Hasan Zaheer, of the erstwhile all-powerful CSP, in his book `The Separation of East Pakistan`, writing on constitution making, has this to say on the contentious Resolution: ``Liaquat Ali Khan, while moving the Objectives Resolution, claimed that since it provided for the exercise of power and authority of the state `through the chosen representatives of the people`, the Resolution naturally eliminates any danger of the establishment of a theocracy.
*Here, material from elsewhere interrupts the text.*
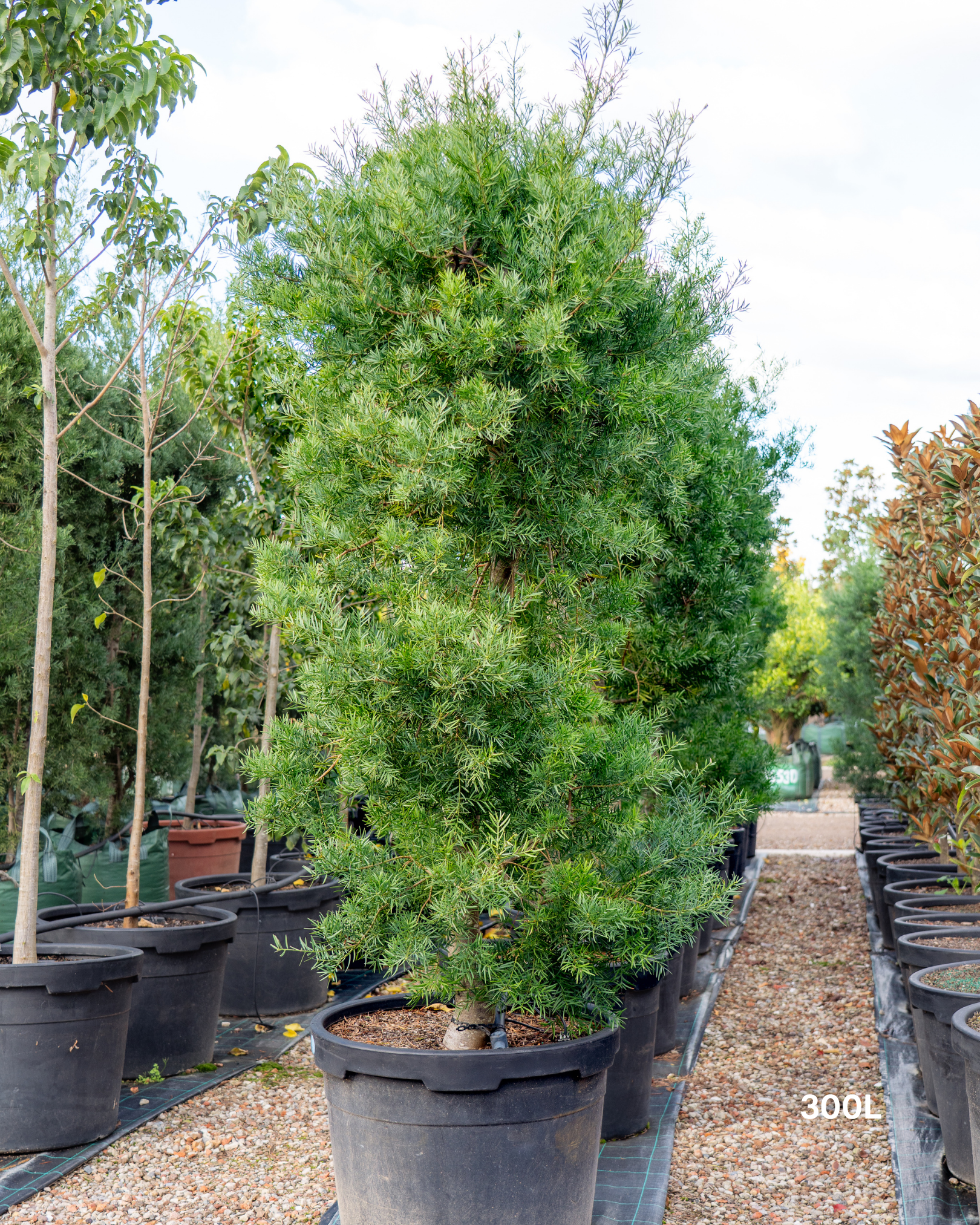 Afrocarpus falcatus – Podocarpus / Outeniqua Yellowwood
Little did he realize the opening that the Resolution was giving to the obscurantists and what the Munir Report called `political brigands and adventurers, even nonentities` to exploit the name of Islam in mundane political affairs and jolt the foundations of the state from time to time. None of the three covenants of the Muslims of the subcontinent, which spelled out the unanimous demand for a separate Muslim homeland, or homelands--the Lahore Resolution of 1940, the Madras Resolution of 1941, and the Pakistan Resolution of the Legislators` Convention of 1946--or the debates leading to these resolutions had mentioned anything about an Islamic state. Over the years, the Resolution proved a perennially divisive point of reference in the polity of Pakistan.``
It is this Resolution which forms the preamble to the Constitution of 1973, and it is this Resolution which, as Article 2A, is a substantive part of the Constitution, and which has more than proven that it is indeed not only highly divisive but also destructive. And, to boot, our great makers, breakers and amenders cannot even get it right. In the preamble, in one sentence, the original resolution has been adhered to: ``Wherein adequate provision shall be made for the minorities freely to profess and practise their religions and develop their cultures;`` whereas in Article 2A which forms the Annex to the Constitution in the very same sentence the word ``freely`` has been omitted. Whether this was done wittingly or unwittingly is not known, but the question is that after the passage of 16 years since 2A was inserted by PO No.14 of 1985 why has it not been corrected? Is there a motive behind the omission of the highly pertinent and important word? Were our amenders plain sloppy, or were they wicked?
Musharraf rode in on horseback, and now is riding high. So far he is on the right track. His reflexes are sound. He has not yet heard messages from on high. But he does need to shun the oleaginous perennial sycophants who equate being with him as being in the presence of greatness, or who praise him fulsomely for his penetrating mind, his iron resolve, his calm demeanour. He does not need to be glorified or exalted. He needs to be supported.